On Sun, 2007-10-07 at 20:02 +0400, Ivan Sagalaev wrote:
> Malcolm Tredinnick wrote:
> > As soon as
> > you start to move to situations where your publically exposed resources
> > don't map more or less one-to-one onto models, things become a lot
> > trickier and we haven't quite solved that
> 
> Weren't custom descendants of the Resource class designed for this? I 
> even thought they would be the more common application 
> django-rest-interface since you can automatically map models to 
> resources only in simple cases.

Yes, that's the idea and it mostly works pretty well. I agree that
that's the more general case, too -- model mapping is a special case of
that. The main difficulty is automatically creating the correct URLS,
particularly reverse URL mapping.

The Resource class is quite as independent from everything as we would
have liked. I say "we" here because towards the end of the SoC period,
Andreas and I spent quite a long time trying to loosen a few of the
couplings between output classes and the representation classes --
Collection and Responder, in particular -- and we both felt it wasn't as
neat as it could be, but we couldn't see how to improve it. That's
probably still work in progress.

My own mental measuring stick during the whole project was to imagine a
case where I was implementing Atom Publishing and using many models to
represent what became a single article resource in the public interface
(I have images, text, metadata, possibly a model with links in it for
validation in the future, etc).
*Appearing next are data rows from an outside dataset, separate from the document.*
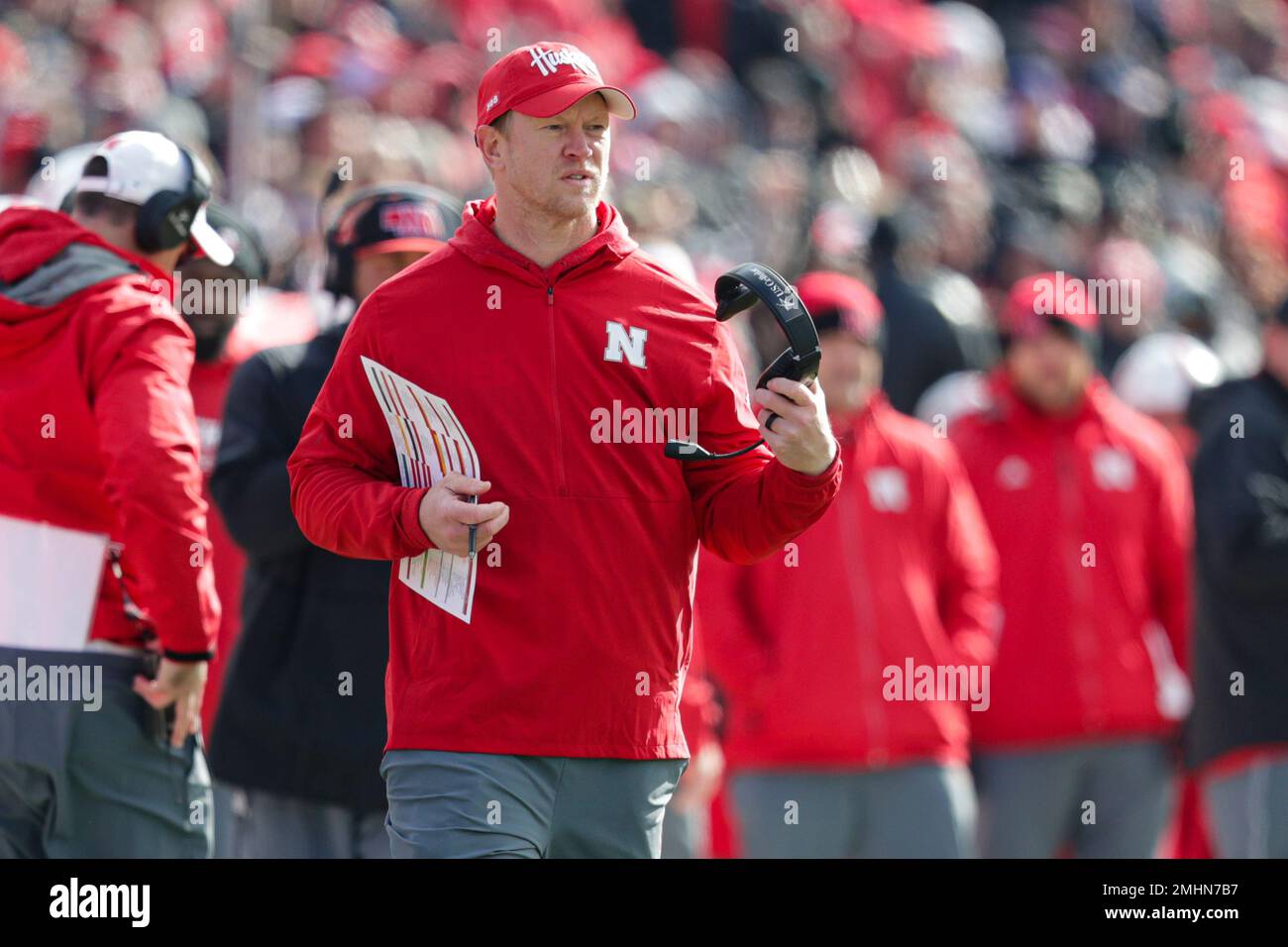 Nebraska head coach Scott Frost during the second half of an NCAA college football game against Purdue in West Lafayette, Ind., Saturday, Nov. 2, 2019. Purdue defeated Nebraska 31-27. (AP Photo/Michael Conroy) Stock Photo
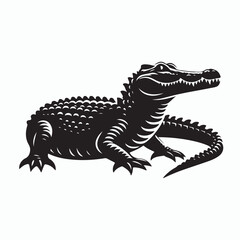 Crocodile silhouette vector on white background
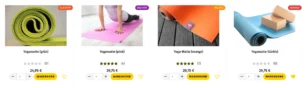 4 Yogamatten nebeneinander mit Ribbons Klicktipp, begehrt, beliebt, gefragt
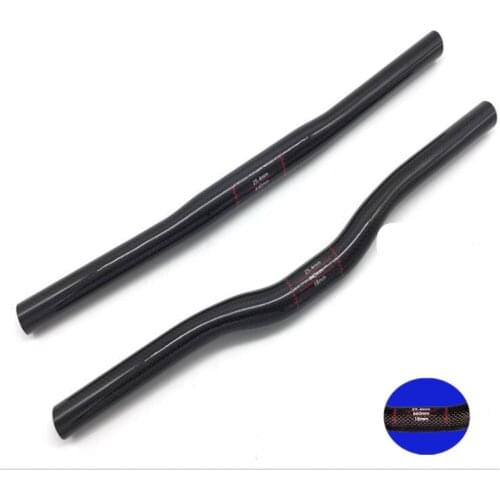 NO LOGO 3K gloss Full Carbon Mountain Bike Bicycle Handlebar 25.4*42/44/46/48/50/52/54/56/60/70cm Carbon MTB Flat Rise Handlebar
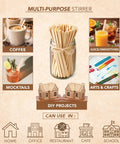 Top Shelf 1000 Piece Heavy Duty Birchwood Coffee Stirrers in a jar for coffee, smoothies, mocktails, and crafts.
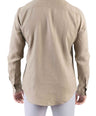 Crocodile Plain Linen  Slim Fit Shirt - Olive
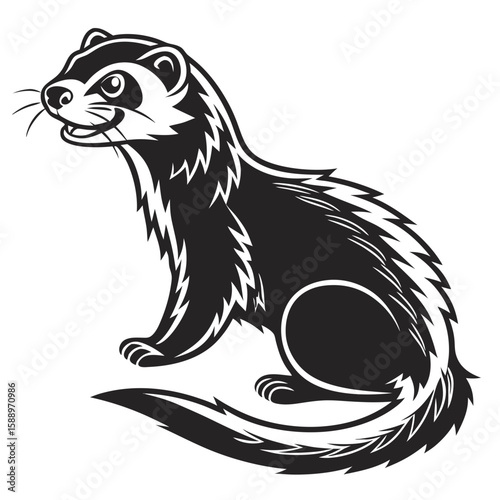 A stylized black and white illustration of a ferret
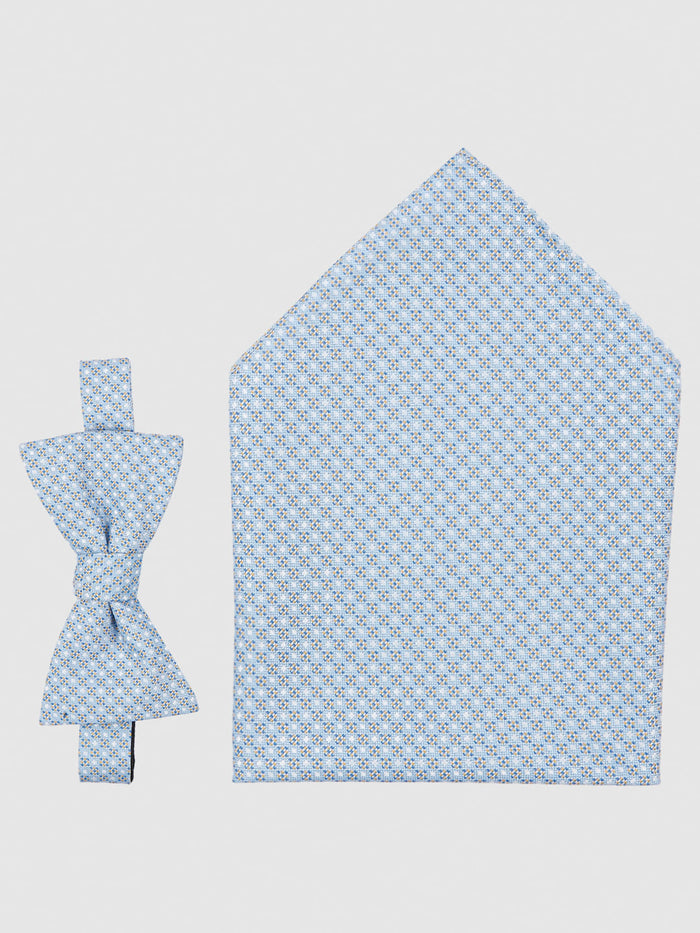 Light Blue Printed Bow Tie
You can fit this into Resource
subclasses, but the amount of work you end up doing never really
convinced me that the framework was helping me here. It felt like the
same amount of work as if I did it from scratch, so where was the clear
win in using the framework for this case and did it even feel wrong not
to use it? Again, this isn't a mark against Andreas work, but was more a
case of me trying to test the boundaries.

I should talk to Andreas about posting some of the discussions we had
and where we left of on the wiki and creating a project mailing list so
that other people can get in on the fun here.